# Sailboats and the Great Circle Loop



## omaho5 (Jun 5, 2008)

I wanted to find someone or some info on Using a sailboat to do this cruise.
I rrealize that not MUCH actual sailing is done on the rivers/canals.
How about those parts on the Great Lakes ?
There is an Org that only blogs about the Loop.
However not much info on sailing and sailboats.


----------



## Cruisingdad (Jul 21, 2006)

Just drop your mast where it is low clearance. Sail the rest of the way. Seems like my dad's Tayana 42 came down from the lakes that way... mast was shipped seperate though IIRC, not put on the boat. He then stepped it in Pensacola and sailed across the gulf to SW FL.

Brian


----------



## cb32863 (Oct 5, 2009)

IIRC You can sail the entire great lakes without dropping your mast. There is thread here that discusses getting through to the Atlantic via the great lakes. Though you are going pretty far north at that point..... not sure your preferences on that.


----------



## PorFin (Sep 10, 2007)

Omaho,

We've done the loop in our Vagabond 39. You'll need to drop the mast to go through the Erie Canal.

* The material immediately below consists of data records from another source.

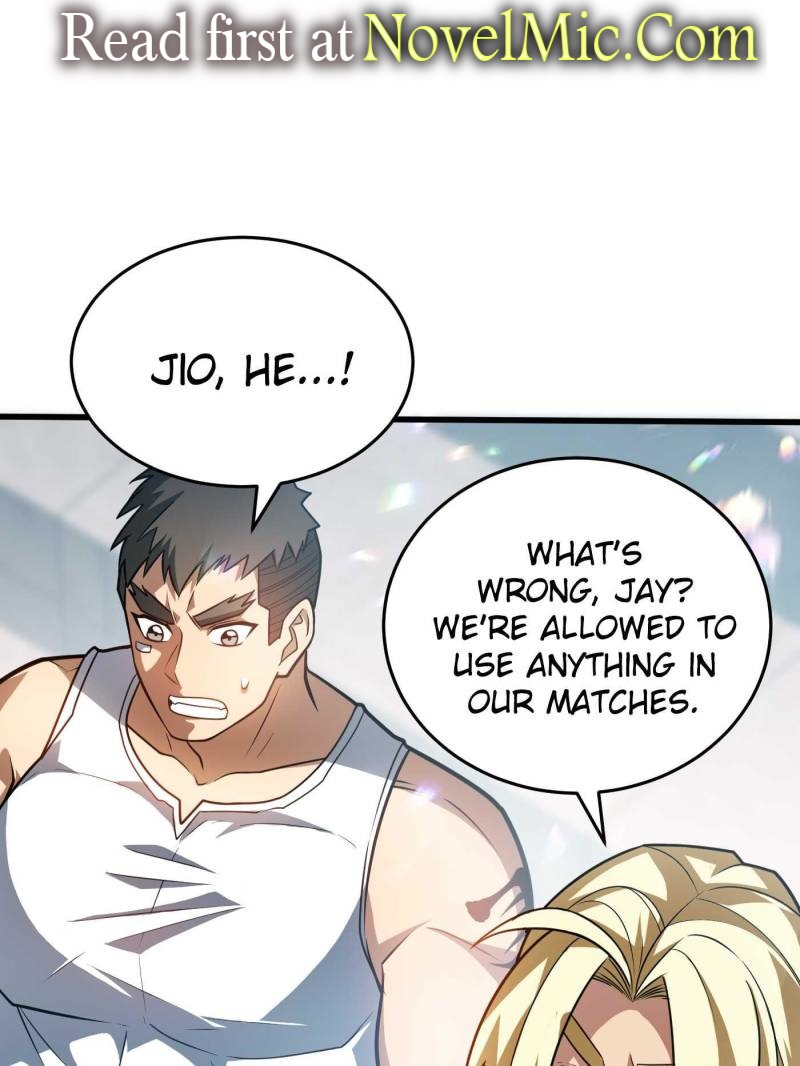 Read My Dragon System ENGLISH Manga Online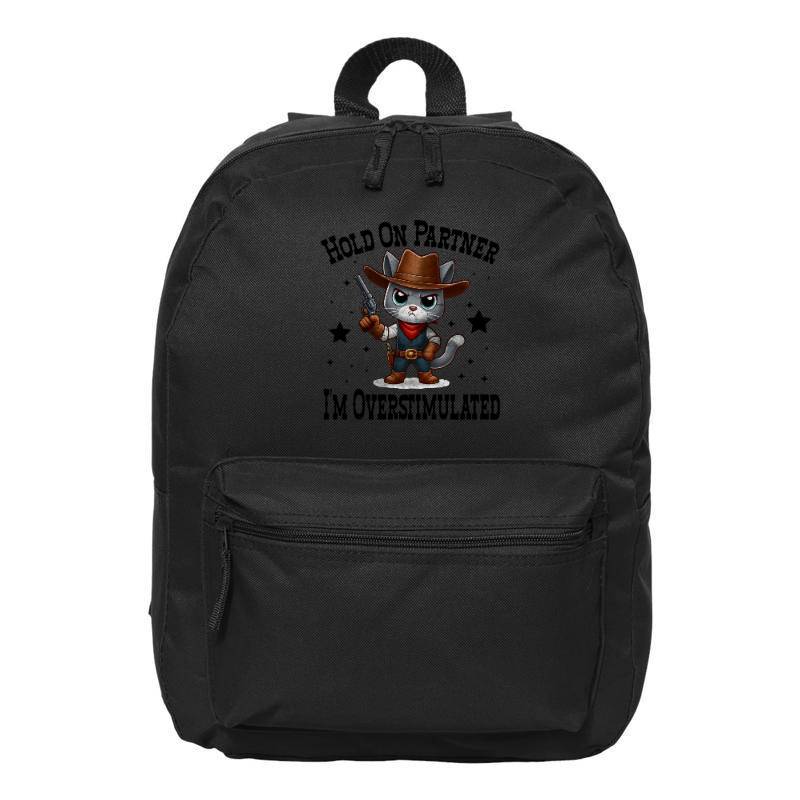 Hold On Partner Backpack
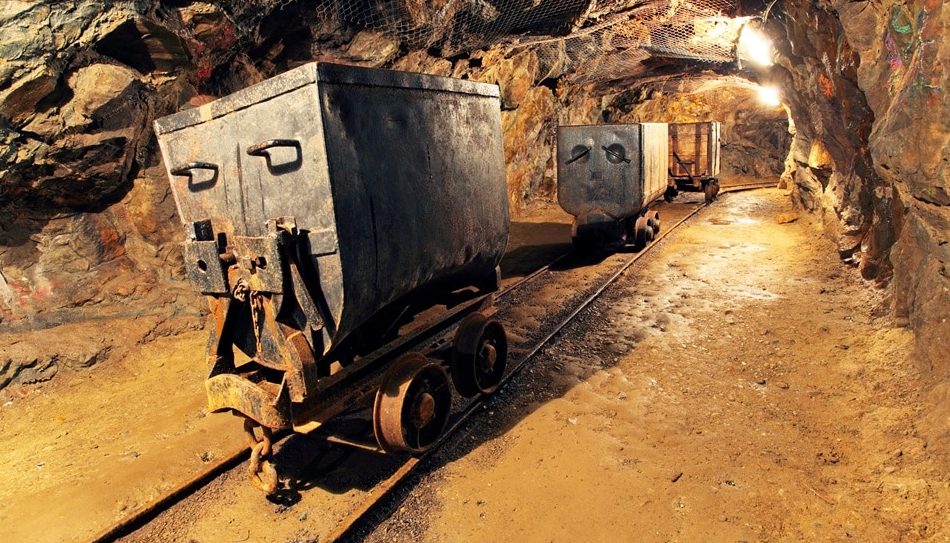 How Miners Face Terrifying Situations Deep Underground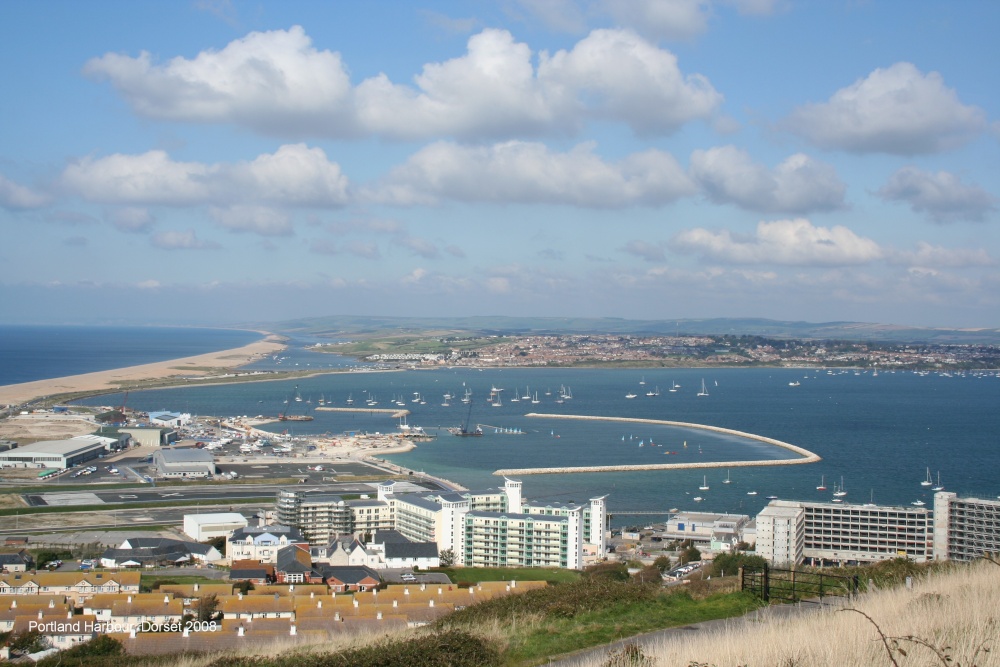 Portland Harbour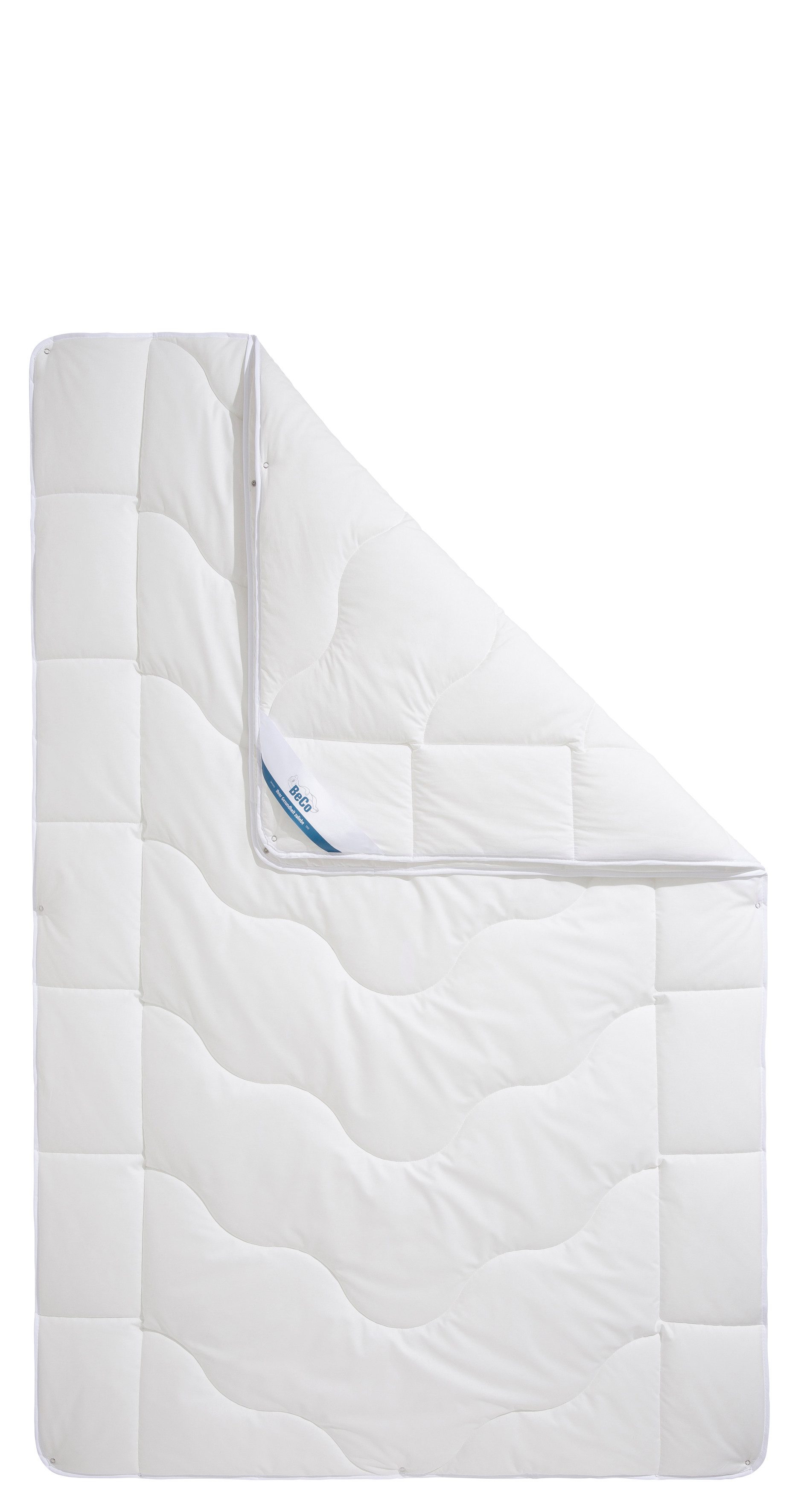 Beco Microfaserbettdecke BeCo Greenfirst, Bettdecke 135x200 günstig online kaufen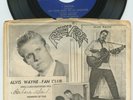 Rare Rockabilly EP - Alvis Wayne - Sleep, Rock-A Roll Rock-A Baby - Rollin'Rock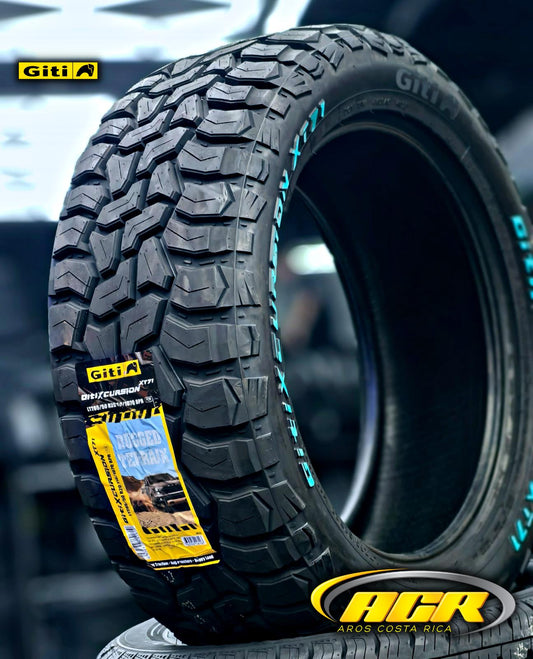 265/50R20 Giti XCURSION XT71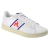 ZAPATILLA LE COQ SPORTIF CLASSIC SOFT OPTICAL WHITE/SOLIDATE BLUE RED - KAPHO DEPORTES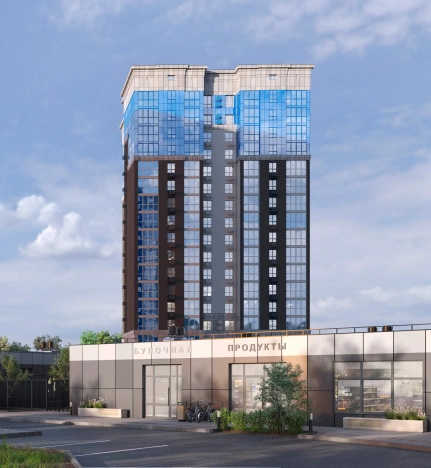 Жилые комплексы в регионе Пензенская область. Вариант № 1555, 1, цена 4535950 рублей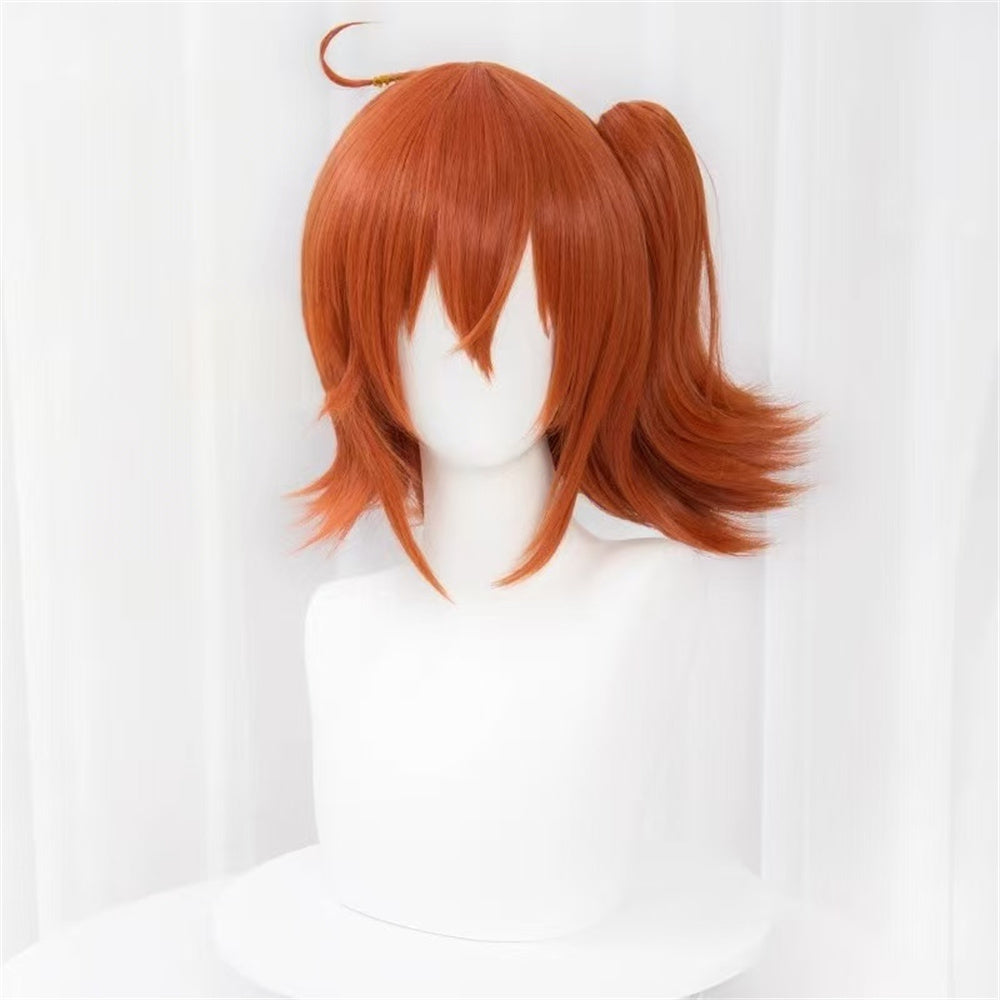 【In Stock】Game Fate/Grand Order Cosplay Ritsuka Fujimaru Cosplay Wig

You'll also need the mast down to get off of Lake Michigan at Chicago (either downtown or through the Cal-Sag).

Depending on your mast height, you may want to leave it down until you get all the way down the inland rivers and restep it in/around Mobile. 

I'd be happy to field questions. 

We had a running discussion over on Anything Sailing this summer on various topics related to our passage -- you might want to search there as well.


----------